━━ DATA PROVIDED
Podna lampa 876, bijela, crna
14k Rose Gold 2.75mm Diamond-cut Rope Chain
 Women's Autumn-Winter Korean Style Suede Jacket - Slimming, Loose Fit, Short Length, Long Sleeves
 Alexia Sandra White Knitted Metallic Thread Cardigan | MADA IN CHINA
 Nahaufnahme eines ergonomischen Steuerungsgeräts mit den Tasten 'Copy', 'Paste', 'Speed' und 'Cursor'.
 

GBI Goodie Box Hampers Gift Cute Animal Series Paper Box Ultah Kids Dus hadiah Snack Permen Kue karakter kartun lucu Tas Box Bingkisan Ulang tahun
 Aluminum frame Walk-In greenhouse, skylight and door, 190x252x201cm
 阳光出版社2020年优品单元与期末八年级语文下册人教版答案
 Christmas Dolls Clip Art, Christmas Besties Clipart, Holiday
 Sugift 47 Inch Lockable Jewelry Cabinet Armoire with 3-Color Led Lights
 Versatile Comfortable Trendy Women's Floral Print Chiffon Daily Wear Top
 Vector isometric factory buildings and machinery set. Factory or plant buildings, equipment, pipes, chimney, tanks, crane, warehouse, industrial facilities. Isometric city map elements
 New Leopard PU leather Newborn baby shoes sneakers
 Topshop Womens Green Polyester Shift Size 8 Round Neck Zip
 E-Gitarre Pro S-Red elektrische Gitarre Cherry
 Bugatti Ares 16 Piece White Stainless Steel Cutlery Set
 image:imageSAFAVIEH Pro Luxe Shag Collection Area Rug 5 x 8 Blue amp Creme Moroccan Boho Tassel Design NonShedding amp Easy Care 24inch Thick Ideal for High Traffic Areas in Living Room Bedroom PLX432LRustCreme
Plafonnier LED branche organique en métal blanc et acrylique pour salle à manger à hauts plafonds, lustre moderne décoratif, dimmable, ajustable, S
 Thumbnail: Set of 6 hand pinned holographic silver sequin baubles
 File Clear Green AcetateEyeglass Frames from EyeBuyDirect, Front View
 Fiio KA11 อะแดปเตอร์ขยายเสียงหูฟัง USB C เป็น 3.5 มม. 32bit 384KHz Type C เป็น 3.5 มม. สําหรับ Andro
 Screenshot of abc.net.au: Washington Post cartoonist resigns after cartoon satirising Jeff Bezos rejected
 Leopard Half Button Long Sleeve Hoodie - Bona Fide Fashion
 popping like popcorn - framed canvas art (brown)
━━━━
=== TASK ===
Only the lines from the first line of the records through the line containing "Christmas Dolls Clip" should be repeated, exactly as they appear.

=== COMPLETED EXERCISE ===
Podna lampa 876, bijela, crna
14k Rose Gold 2.75mm Diamond-cut Rope Chain
 Women's Autumn-Winter Korean Style Suede Jacket - Slimming, Loose Fit, Short Length, Long Sleeves
 Alexia Sandra White Knitted Metallic Thread Cardigan | MADA IN CHINA
 Nahaufnahme eines ergonomischen Steuerungsgeräts mit den Tasten 'Copy', 'Paste', 'Speed' und 'Cursor'.
 

GBI Goodie Box Hampers Gift Cute Animal Series Paper Box Ultah Kids Dus hadiah Snack Permen Kue karakter kartun lucu Tas Box Bingkisan Ulang tahun
 Aluminum frame Walk-In greenhouse, skylight and door, 190x252x201cm
 阳光出版社2020年优品单元与期末八年级语文下册人教版答案
 Christmas Dolls Clip Art, Christmas Besties Clipart, Holiday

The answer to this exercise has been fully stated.